“It’s the Search, Stupid” is a twist on an old campaign slogan that applies to customer reference program success. If you’re old enough, you may recall a famous quip from a political advisor in 1992 concerning what he thought should be a presidential campaign messaging priority.

“It’s the economy, stupid.”

There were plenty of concerns and priorities back then, as there always have been, but at the end of the day, if voters didn’t feel the economy was working for them, they wouldn’t care about anything else—a sort of voter Maslow’s Hierarchy of Needs. Sometimes the priority is that straightforward and simplistic.

Search is Our “Economy”

Similarly, many factors make a customer reference program tick or not. Our customer success team has a checklist full of best practices related to program promotion, user training, executive support, cross-functional coordination, member recruiting, and more. Yet even when all these “pistons” are firing, the stakeholder’s experience comes down to one simple thing: Can they find the reference(s) they need? It doesn’t matter whether you’re a salesperson, a PR manager, event coordinator, or executive; if the search doesn’t result in what you need, the rest doesn’t matter much.

Any Data is Not Better than No Data

Reading this observation, it seems pretty obvious, right? But how does that translate into how a reference database is built and maintained? It is not unusual for program managers to put out a request for customer reference candidates then gratefully accept whatever comes back in the “net.” Unfortunately, this thinking does not result in a well-built database. Imagine 100 new customers come into the database. If the primary demand is for director-level, IT references in banking and insurance using products A and B together, and only four of those 100 additions match the need, what was the value of the recruiting effort? If these 100 new customer references are touted as a major success, then, with great expectations, users go to do their first search and can’t find what they need, the program gets a black eye. Users return to their old, inefficient way of finding references: Slack, Chatter, Teams, email, etc.
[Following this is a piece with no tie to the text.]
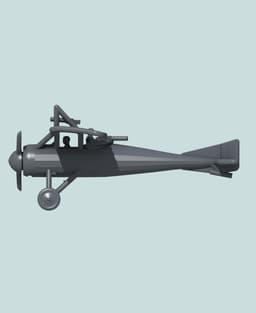 1:144 Morane-Saulnier Type P (British MoS.26) 3d model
This is no small misfire. Consider the consequences:

  • Salespeople, CSMs, and other stakeholders wasted time.
  • If spiffs were involved, money was wasted.
  • Expectations were high. Trust was squandered.
  • A second attempt at stakeholder engagement will be harder.
Be Intentional

So how do you avoid such a setback?

  • Analyze Opportunity History

    The recent past is a good predictor of near-future demand. Begin by running opportunity reports, segmenting results by industry, product(s), use case(s), geography, etc., and/or some logical combination of criteria. Be careful to exclude any segments that don’t traditionally have high reference needs. For example, a solution may have so much market share that references just aren’t necessary to make the sale or  your company is de-emphasizing or soon retiring a product. There is no need to prioritize the support of those segments. Instead, determine  the top 5-7 segments.

  • Establish an Advisory Board

    With your  top 5-7 segments identified, your next questions are:

    • What personas are needed? and
    • For what types of advocate activities do you need them?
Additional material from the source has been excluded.